--- Given data Enclosed Below ---

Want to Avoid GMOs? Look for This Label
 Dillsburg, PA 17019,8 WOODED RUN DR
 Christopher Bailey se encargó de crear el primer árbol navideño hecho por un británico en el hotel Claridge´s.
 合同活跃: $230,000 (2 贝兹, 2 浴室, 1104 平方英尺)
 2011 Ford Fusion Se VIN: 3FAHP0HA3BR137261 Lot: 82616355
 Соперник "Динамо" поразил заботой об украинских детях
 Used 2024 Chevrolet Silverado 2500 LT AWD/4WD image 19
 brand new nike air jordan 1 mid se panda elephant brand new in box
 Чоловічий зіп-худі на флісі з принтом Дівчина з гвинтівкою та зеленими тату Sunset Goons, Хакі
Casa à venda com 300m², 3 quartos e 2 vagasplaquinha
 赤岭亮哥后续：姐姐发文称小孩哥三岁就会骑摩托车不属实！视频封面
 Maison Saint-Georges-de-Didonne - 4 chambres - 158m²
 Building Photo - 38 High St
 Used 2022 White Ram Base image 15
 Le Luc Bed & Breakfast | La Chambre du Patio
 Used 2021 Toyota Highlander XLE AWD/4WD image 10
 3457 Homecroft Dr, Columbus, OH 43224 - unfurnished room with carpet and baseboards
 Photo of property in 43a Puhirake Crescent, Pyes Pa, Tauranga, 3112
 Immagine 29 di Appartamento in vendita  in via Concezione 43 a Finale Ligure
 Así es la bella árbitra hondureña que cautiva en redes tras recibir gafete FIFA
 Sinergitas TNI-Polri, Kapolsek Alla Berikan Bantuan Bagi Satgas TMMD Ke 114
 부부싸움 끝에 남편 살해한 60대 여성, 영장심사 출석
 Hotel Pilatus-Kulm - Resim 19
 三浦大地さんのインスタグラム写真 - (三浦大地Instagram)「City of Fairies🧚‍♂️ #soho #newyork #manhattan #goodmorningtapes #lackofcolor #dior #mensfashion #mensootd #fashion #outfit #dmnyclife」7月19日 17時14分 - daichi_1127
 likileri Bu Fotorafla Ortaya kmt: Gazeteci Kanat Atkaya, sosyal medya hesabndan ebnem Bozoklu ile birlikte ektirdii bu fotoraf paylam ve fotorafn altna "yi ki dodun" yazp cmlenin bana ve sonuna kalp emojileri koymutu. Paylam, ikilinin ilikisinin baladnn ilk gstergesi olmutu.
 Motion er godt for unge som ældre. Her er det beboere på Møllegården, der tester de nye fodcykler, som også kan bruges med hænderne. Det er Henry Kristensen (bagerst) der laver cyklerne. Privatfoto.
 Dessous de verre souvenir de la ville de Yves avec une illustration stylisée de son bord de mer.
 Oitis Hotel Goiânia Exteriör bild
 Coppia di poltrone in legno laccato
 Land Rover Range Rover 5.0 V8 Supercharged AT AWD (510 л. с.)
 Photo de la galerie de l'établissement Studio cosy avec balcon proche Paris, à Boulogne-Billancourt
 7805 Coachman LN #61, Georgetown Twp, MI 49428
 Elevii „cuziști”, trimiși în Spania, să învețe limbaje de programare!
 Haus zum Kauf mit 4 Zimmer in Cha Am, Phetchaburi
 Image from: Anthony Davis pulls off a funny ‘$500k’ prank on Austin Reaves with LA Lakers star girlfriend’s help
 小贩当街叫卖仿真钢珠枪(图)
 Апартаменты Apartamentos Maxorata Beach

--- End of Enclosed Given data ---

» **Task to carry out**: Lines containing the word "avec" are to be counted in the listing; state their number alone.

» **Finished task**: 2